=== Instructions for the task ===
Once the line with "3051TG4A2B21AK6M5_18" is found in the entries below, repeat that line and every one after it exactly, ending at the last.

Source data:
- - - - - - -
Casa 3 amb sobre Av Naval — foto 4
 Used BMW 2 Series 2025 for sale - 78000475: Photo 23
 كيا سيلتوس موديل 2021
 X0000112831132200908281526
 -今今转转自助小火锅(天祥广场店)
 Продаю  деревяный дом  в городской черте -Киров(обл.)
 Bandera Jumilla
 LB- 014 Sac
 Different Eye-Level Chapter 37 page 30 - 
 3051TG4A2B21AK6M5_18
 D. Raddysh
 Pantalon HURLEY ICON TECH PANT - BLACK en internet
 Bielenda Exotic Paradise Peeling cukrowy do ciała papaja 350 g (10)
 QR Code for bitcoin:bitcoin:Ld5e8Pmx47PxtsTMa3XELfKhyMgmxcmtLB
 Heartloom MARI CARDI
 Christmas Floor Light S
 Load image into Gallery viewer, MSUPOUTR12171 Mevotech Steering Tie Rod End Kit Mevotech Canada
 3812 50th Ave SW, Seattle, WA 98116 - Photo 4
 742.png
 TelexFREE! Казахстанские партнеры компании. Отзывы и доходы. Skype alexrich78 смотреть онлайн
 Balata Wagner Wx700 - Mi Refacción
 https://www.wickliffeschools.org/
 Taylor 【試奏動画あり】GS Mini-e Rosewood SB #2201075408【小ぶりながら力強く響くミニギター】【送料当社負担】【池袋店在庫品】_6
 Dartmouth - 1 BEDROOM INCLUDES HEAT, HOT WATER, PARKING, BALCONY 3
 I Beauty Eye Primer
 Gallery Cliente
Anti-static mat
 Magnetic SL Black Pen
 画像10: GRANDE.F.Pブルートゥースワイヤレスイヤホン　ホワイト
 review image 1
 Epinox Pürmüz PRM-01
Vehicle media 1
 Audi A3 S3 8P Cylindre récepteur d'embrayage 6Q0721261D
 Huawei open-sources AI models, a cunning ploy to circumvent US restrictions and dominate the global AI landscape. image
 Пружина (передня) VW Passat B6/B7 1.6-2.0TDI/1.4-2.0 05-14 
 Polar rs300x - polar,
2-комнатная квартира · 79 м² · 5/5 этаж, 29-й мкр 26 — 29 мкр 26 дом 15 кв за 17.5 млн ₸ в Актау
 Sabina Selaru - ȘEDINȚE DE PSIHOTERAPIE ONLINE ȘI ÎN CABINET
- - - - - - -
=== Written response ===
 3051TG4A2B21AK6M5_18
 D. Raddysh
 Pantalon HURLEY ICON TECH PANT - BLACK en internet
 Bielenda Exotic Paradise Peeling cukrowy do ciała papaja 350 g (10)
 QR Code for bitcoin:bitcoin:Ld5e8Pmx47PxtsTMa3XELfKhyMgmxcmtLB
 Heartloom MARI CARDI
 Christmas Floor Light S
 Load image into Gallery viewer, MSUPOUTR12171 Mevotech Steering Tie Rod End Kit Mevotech Canada
 3812 50th Ave SW, Seattle, WA 98116 - Photo 4
 742.png
 TelexFREE! Казахстанские партнеры компании. Отзывы и доходы. Skype alexrich78 смотреть онлайн
 Balata Wagner Wx700 - Mi Refacción
 https://www.wickliffeschools.org/
 Taylor 【試奏動画あり】GS Mini-e Rosewood SB #2201075408【小ぶりながら力強く響くミニギター】【送料当社負担】【池袋店在庫品】_6
 Dartmouth - 1 BEDROOM INCLUDES HEAT, HOT WATER, PARKING, BALCONY 3
 I Beauty Eye Primer
 Gallery Cliente
Anti-static mat
 Magnetic SL Black Pen
 画像10: GRANDE.F.Pブルートゥースワイヤレスイヤホン　ホワイト
 review image 1
 Epinox Pürmüz PRM-01
Vehicle media 1
 Audi A3 S3 8P Cylindre récepteur d'embrayage 6Q0721261D
 Huawei open-sources AI models, a cunning ploy to circumvent US restrictions and dominate the global AI landscape. image
 Пружина (передня) VW Passat B6/B7 1.6-2.0TDI/1.4-2.0 05-14 
 Polar rs300x - polar,
2-комнатная квартира · 79 м² · 5/5 этаж, 29-й мкр 26 — 29 мкр 26 дом 15 кв за 17.5 млн ₸ в Актау
 Sabina Selaru - ȘEDINȚE DE PSIHOTERAPIE ONLINE ȘI ÎN CABINET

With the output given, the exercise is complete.